Our Research posts are about the latest academic research being done in the School of Economics. This week:
Political Independence of the South African Reserve Bank: Managing Interest Rates
by Prof. E.P.J. Kleynhans & Ryan Meintjes
This study ascertained whether the South African Reserve Bank (SARB) is politically independent and able to operate without undue external influence. South Africa’s Constitution states that the SARB must act independently and without fear, favour or prejudice. However, the SARB is under increasing pressure from government and the trade unions to shift its monetary policy stance in order to boost the country’s competitiveness. Whether these external demands have actually compromised its independence at times has been the subject of debate. If the SARB is indeed succumbing to external influence, it could mean that monetary policy in South Africa is leaning too heavily in the direction of short-term growth while inflationary pressures loom.
The study comprised a literature review, and econometric analysis of the Bank’s independence. Movements in interest rates were used as an indicator of dependence.
The analysis comprised two models: the first model investigated actual interest rates in South Africa over the past two decades, and how interest rates typically respond to a series of economic indicators; the second model prescribed what interest rates should have been during the period in question, with reference to Taylor’s Rule.
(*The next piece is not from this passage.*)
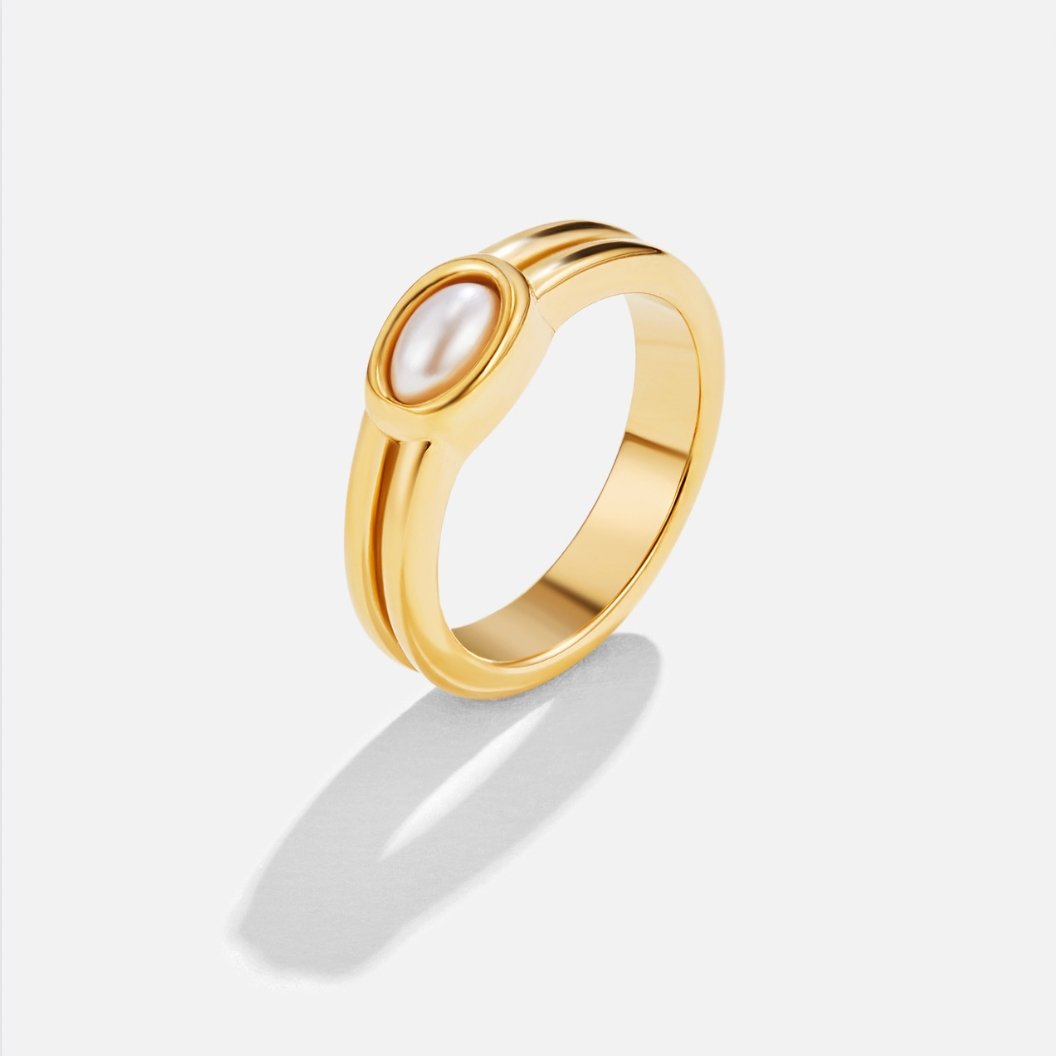 Bague Chunky Perle en Or 18K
The differences between the two sets of rates were assumed to expose shortcomings in the direction of South Africa’s monetary policy and therefore some sort of external influence or dependence.
The results obtained showed that there is almost no level of dependence. Interestingly, these findings come amidst continuous threats to the SARB’s independence. The notion of Reserve Bank independence underlying this study is not unconditional independence from government, but rather independence to pursue the SARB’s constitutional objective of price stability, even at the expense of other objectives that are more important to the political authorities. One must, however, also bear in mind that although external pressure may place the Reserve Bank’s independence in jeopardy, there could be some value in these external parties’ objectives or requests.